Dr. Neale Fong is a business leader, Churches of Christ chaplain, and former Australian rules football administrator and public servant in Perth, Western Australia. , he is chief executive officer and executive director of Bethesda Health Care, Chair of the Western Australian Country Health Service Board, managing director of his own consulting company and Director of a number of health companies. He is the owner of his management consulting company, Australias Health Advisory with a long track record in engagements with state, territory and commonwealth governments, private and not-for-profit health companies.

Career

Health services
His first medical job was at Royal Perth Hospital where he worked in terms including under Sir George Bedbrook at the RPH(RH) Spinal Unit and at the Port Hedland Regional Hospital. He was then appointed as a Venereologist in the VD Control Branch of the Health Department of WA where he established the first HIV/AIDS assessment clinic in 1985. He was part of a number of state and national committees involved in tackling the HIV/AIDS epidemic in the mid-1980s.

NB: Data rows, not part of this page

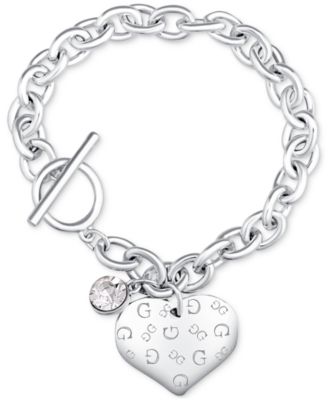 GUESS - Silver-Tone Heart Charm Toggle Line Bracelet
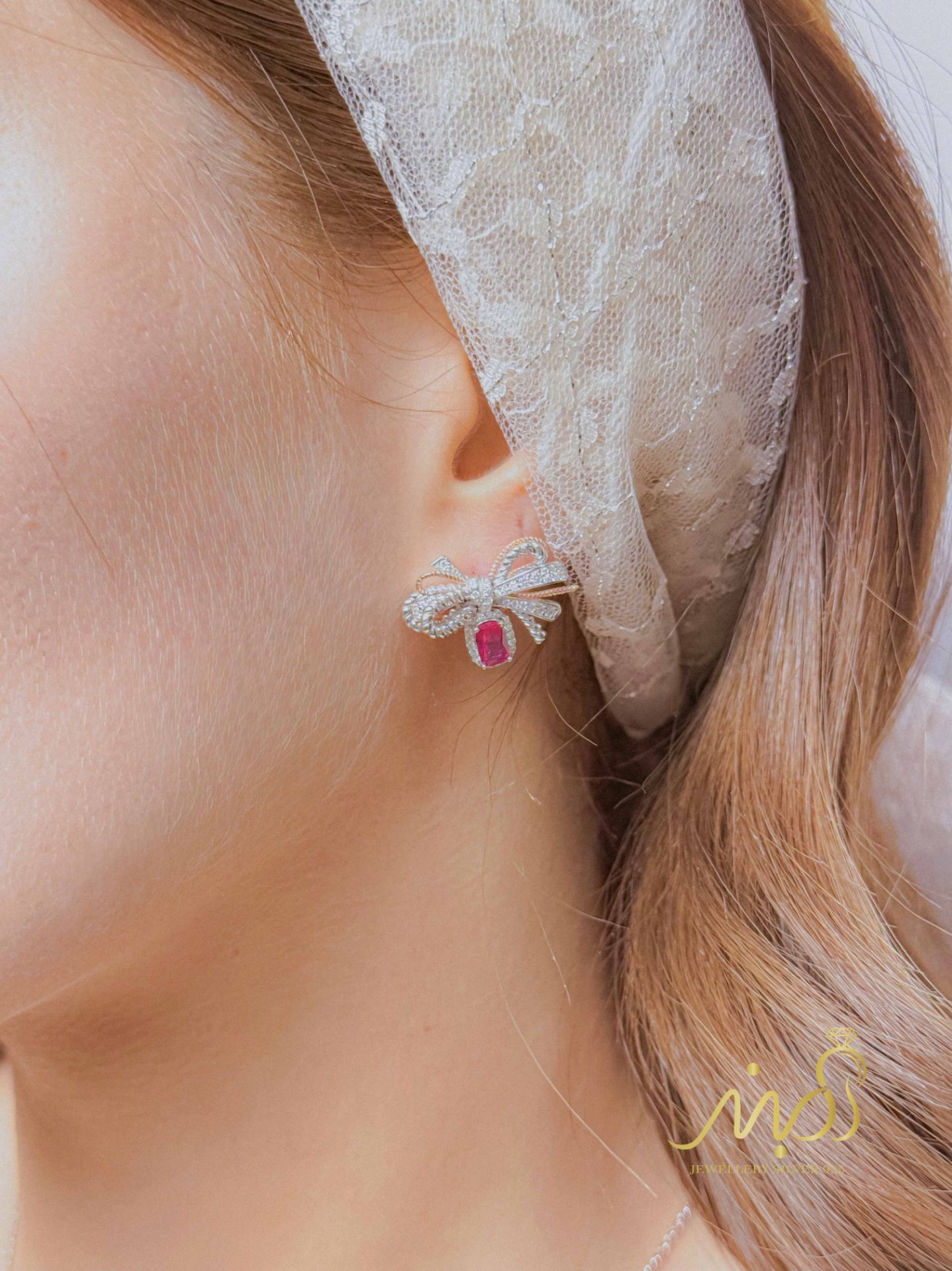 💍نیم ست جواهری (گردنبند و گوشواره)نقره عیار ۹۲۵(N_4438)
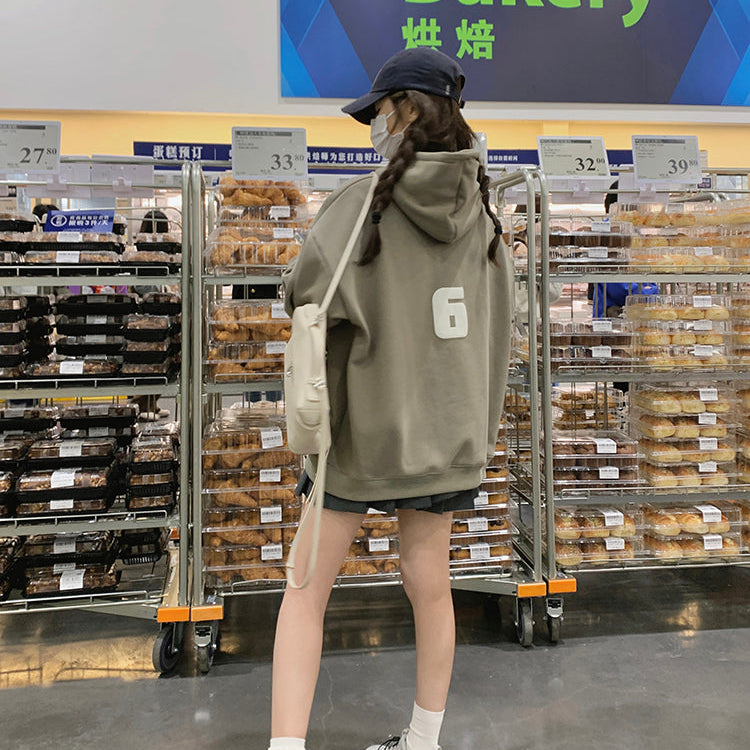 GOOD LUCK美式復古加絨連帽衛衣-25629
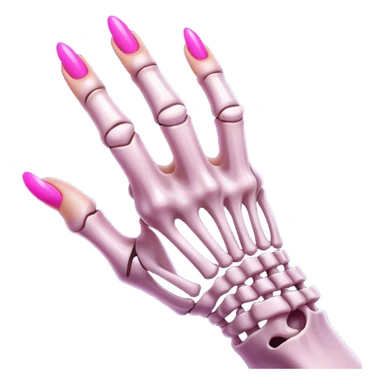 skeleton hand with long pink nails sticker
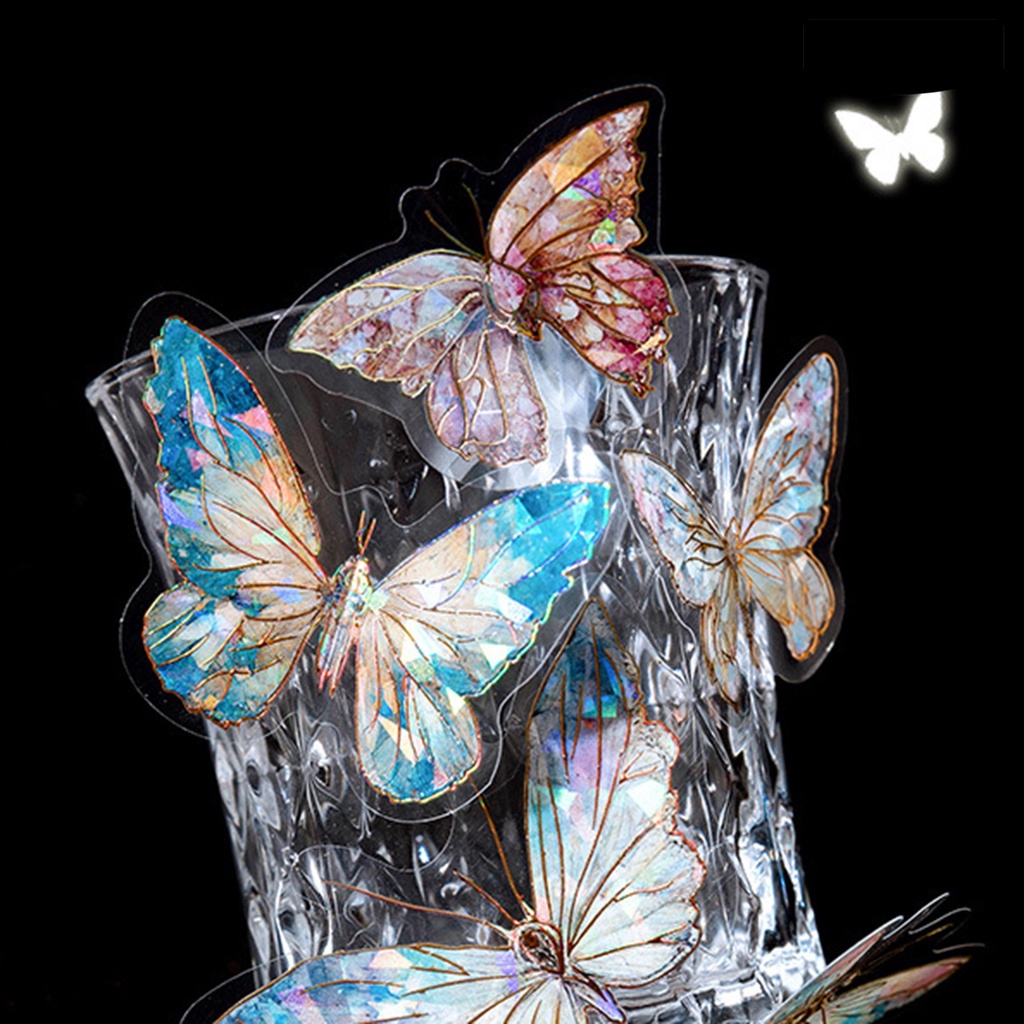 [WSTN] [WSTN] [WSTN]✎Set 40 Miếng Dán Hình Bướm Nhiều Màu Sắc Chống Nước Dễ Tháo Gỡ Trang Trí Sổ Tay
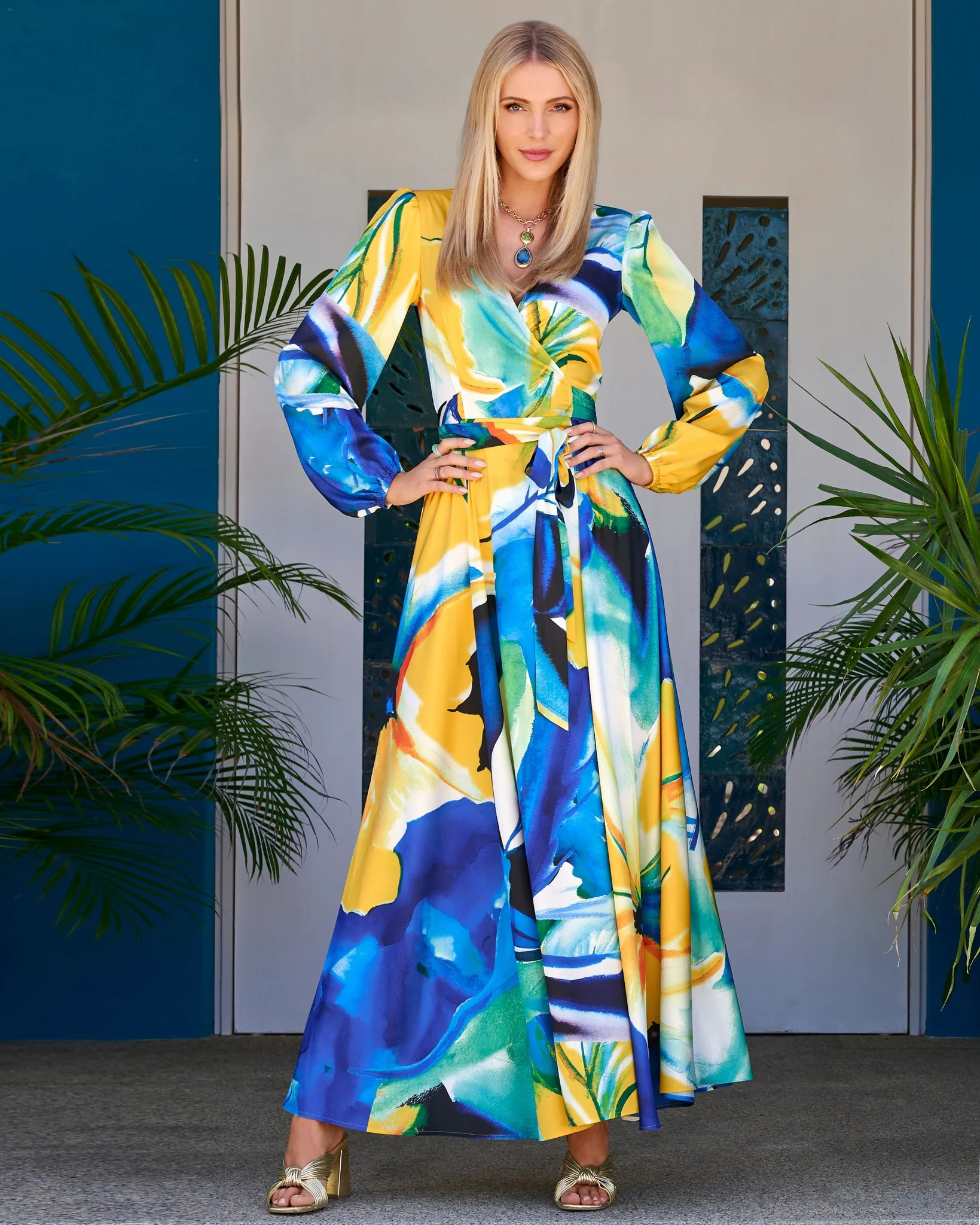 Valencia Florals Print Charmeuse Wrap Maxi Dress Blue/Yellow - Mycitystee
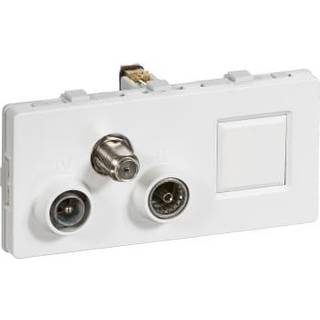 LK FUGA antenne/dataudtag 2 modul TV, R, SAT, og RJ45 slutdåse, type TD352, hvid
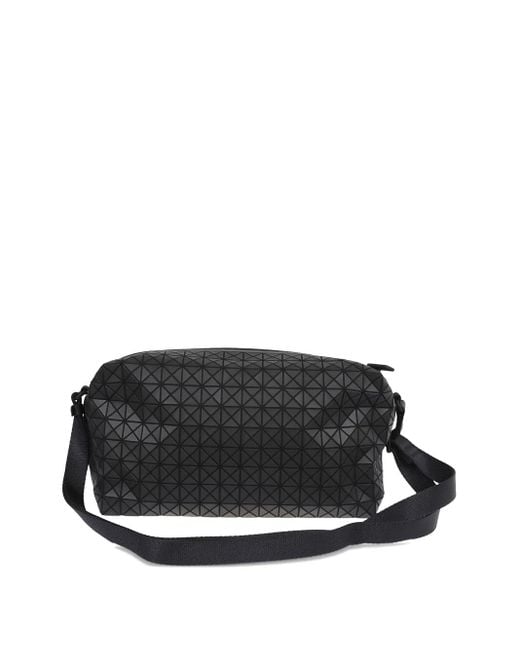 Issey Miyake Black Geometric-Pattern Shoulder Bag for men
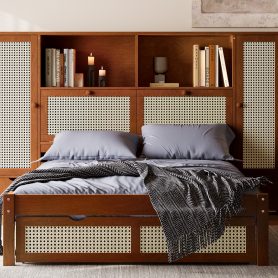 Twin Size Wooden Bed with Two Storage Lockers, Drawer, and Storage Shelf on Headboard 37 Twin Size Wooden Bed with Two Storage Lockers, Drawer, and Storage Shelf on Headboard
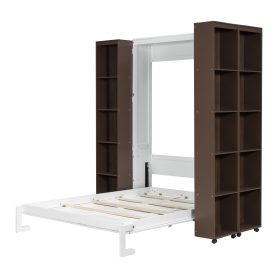 Queen Murphy Bed Wall Bed with Storage Doors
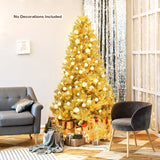 6/7.5 英尺人造金属丝圣诞树，铰接可折叠支架 - 7.5 英尺 6/7.5 Feet Artificial Tinsel Christmas Tree Hinged with Foldable Stand-7.5 ft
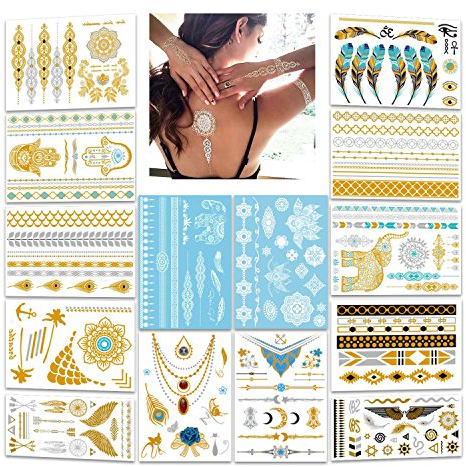 Temporäre Tattoo, konsait Wasserdicht Metallici Flash Tattoos temporär Tätowierung Aufkleber Körper Finger Arme Schmuck tattoo Sticker für Mädchen und junge Frauen Urlaub Geschenk (14 fogli)
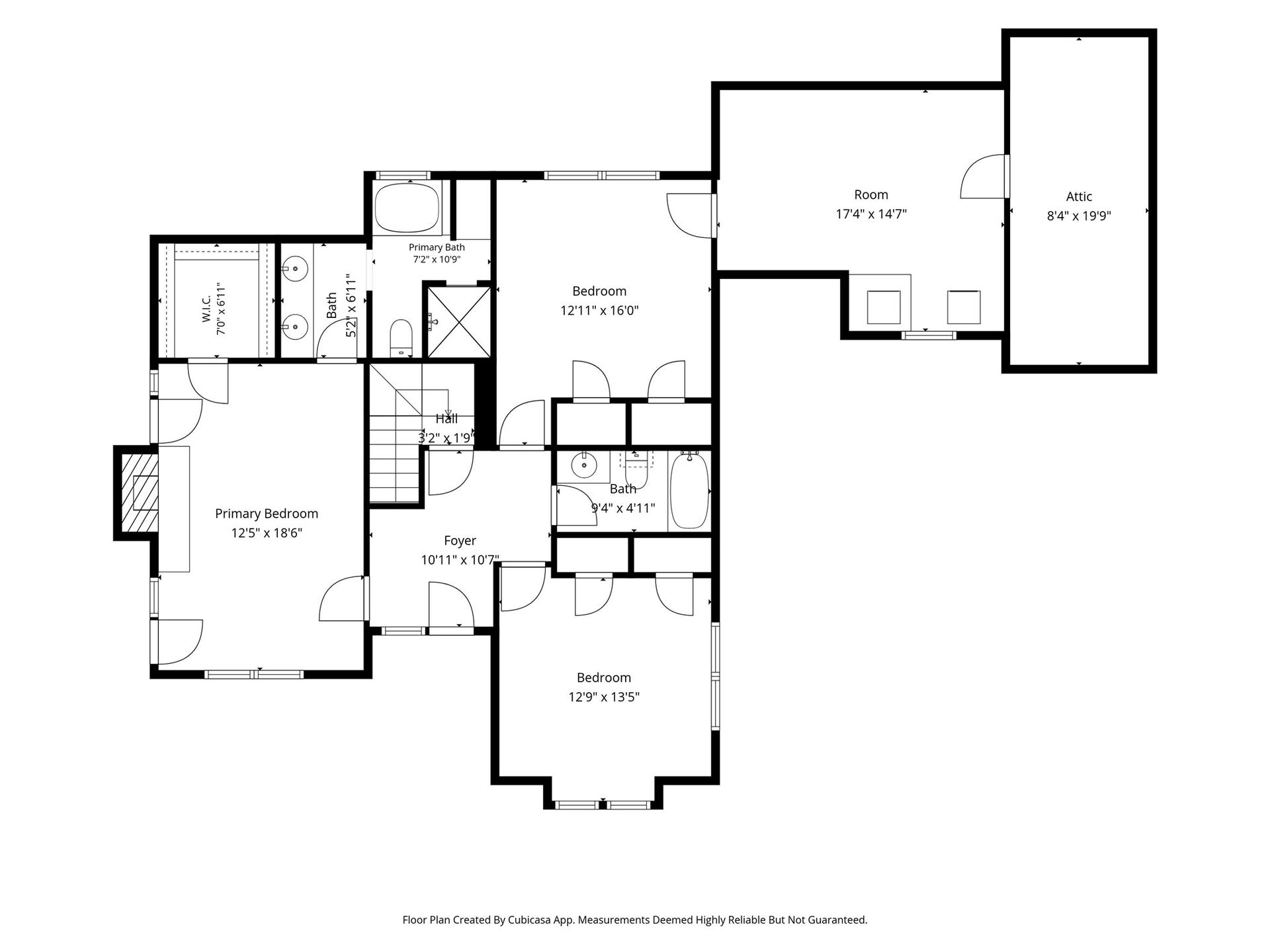 24904 Robin Hood Lane, Hockley, TX 77447 Second-level floor plan featuring the primary suite with fireplace, private bath and walk-in closet, two additional bedrooms, a full bathroom, and a spacious bonus/laundry room with access to walk-in attic storage. Room dimensions are approximate.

Returning to Perth in 1990, Fong took up roles in the newly named STD Control Branch in the Public Health Division of the Health Department of WA. He was asked to undertake a major review of STD/HIV services in Metropolitan Perth, which resulted in major changes to STD management. He established the inaugural Communicable Diseases Control Section of the Health Department of WA in 2003/04. In 1994, he was recruited to be the Director of Medical Service for the East Metro Health Service. With the resignation of the managing director of the State Health Purchasing Authority in 1995, Fong was appointed to the role and worked on the establishment of the new structure to be led by former Deputy Secretary of the Commonwealth Department of Health Alan Bansemer. Fong was appointed Chief General manager Operations with responsibility for all operational responsibilities with the health services in metro and country WA (the equivalent of a Chief Operating Officer role). After serving three years in this position, Fong  was recruited to be the CEO of Australia's largest private hospital at the time, St John of God Subiaco. He led the hospital in a major turnaround including the commencement of a $100M redevelopment program from 2000 to 2004. The first comprehensive cancer centre (later to be named the Bendat Comprehensive Cancer Centre) was established.

In 2004, he was appointed by the Gallop Ministry to implement reform in Western Australia's public health system. He became the executive chairman of the Health Reform and Implementation Taskforce, charged with implementing the recommendations of the Reid Report. He became director-general of the Department of Health, the state's highest-paid public servant with a salary of A$600,000, before resigning over findings alleged misconduct. No corruption charges were identified or laid.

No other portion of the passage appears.